Parameter | Type | Description
:--- | :--- | :--- | :---
&lt;index&gt; | String | Name of the data streams, indices, or aliases to delete from. Supports wildcards. If left blank, OpenSearch searches through all indices.
allow_no_indices | Boolean | False indicates to OpenSearch the request should return an error if any wildcard expression or index alias targets only missing or closed indices. Default is true.
analyzer | String | The analyzer to use in the query string.
analyze_wildcard | Boolean | Specifies whether to analyze wildcard and prefix queries. Default is false.
conflicts | String | Indicates to OpenSearch what should happen if the delete by query operation runs into a version conflict. Valid options are `abort` and `proceed`. Default is `abort`.
default_operator | String | Indicates whether the default operator for a string query should be AND or OR. Default is OR.
df | String | The default field in case a field prefix is not provided in the query string.
expand_wildcards | String | Specifies the type of index that wildcard expressions can match. Supports comma-separated values. Valid values are `all` (match any index), `open` (match open, non-hidden indices), `closed` (match closed, non-hidden indices), `hidden` (match hidden indices), and `none` (deny wildcard expressions). Default is `open`.
from | Integer | The starting index to search from. Default is 0.
ignore_unavailable | Boolean | Specifies whether to include missing or closed indices in the response. Default is false.
lenient | Boolean | Specifies whether OpenSearch should ignore format-based query failures (for example, querying a text field for an integer). Default is false.
max_docs | Integer | Maximum amount of documents the operation should process. Default is all documents.
preference | String | Specifies the shard or node OpenSearch should perform the operation on.
q | String | Query in the Lucene query string syntax.
request_cache | Boolean | Specifies whether OpenSearch should use the request cache for the request. Default is whether it's enabled in the index's settings.
refresh | Boolean | Specifies whether OpenSearch should refresh all of the shards involved in the delete request once the operation finishes. Default is false.
requests_per_second | Integer | Specifies the request's throttling in sub-requests per second. Default is -1, which means no throttling.
routing | String | Value used to route the operation to a specific shard.
scroll | Time | Amount of time to keep the search results of documents that matched the query.
scroll_size | Integer | Size of the scroll request of the operation. Default is 1000.
search_type | String | Whether OpenSearch should use global term and document frequencies calculating revelance scores. Valid choices are `query_then_fetch` and `dfs_query_then_fetch`. `query_then_fetch` scores documents using local term and document frequencies for the shard. Its usually faster but less accurate. `dfs_query_then_fetch` scores documents using global term and document frequencies across all shards. Its usually slower but more accurate. Default is `query_then_fetch`.

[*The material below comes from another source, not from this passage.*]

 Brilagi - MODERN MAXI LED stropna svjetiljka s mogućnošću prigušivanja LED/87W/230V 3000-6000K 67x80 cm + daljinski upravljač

search_timeout | Time | Amount of time until timeout for the search request. Default is no timeout.
slices | Integer | Number of sub-tasks OpenSearch should divide this task into. Default is 1, which means OpenSearch should not divide this task.
sort | String | A comma-separated list of &lt;field&gt; : &lt;direction&gt; pairs to sort by.
_source | String | Specifies whether to include the `_source` field in the response.
_source_excludes | String | A comma-separated list of source fields to exclude from the response.
_source_includes | String | A comma-separated list of source fields to include in the response.
stats | String | Value to associate with the request for additional logging.
terminate_after | Integer | The maximum number of documents OpenSearch should process before terminating the request.
timeout | Time | How long the operation should wait from a response from active shards. Default is `1m`.
version | Boolean | Whether to include the document version as a match.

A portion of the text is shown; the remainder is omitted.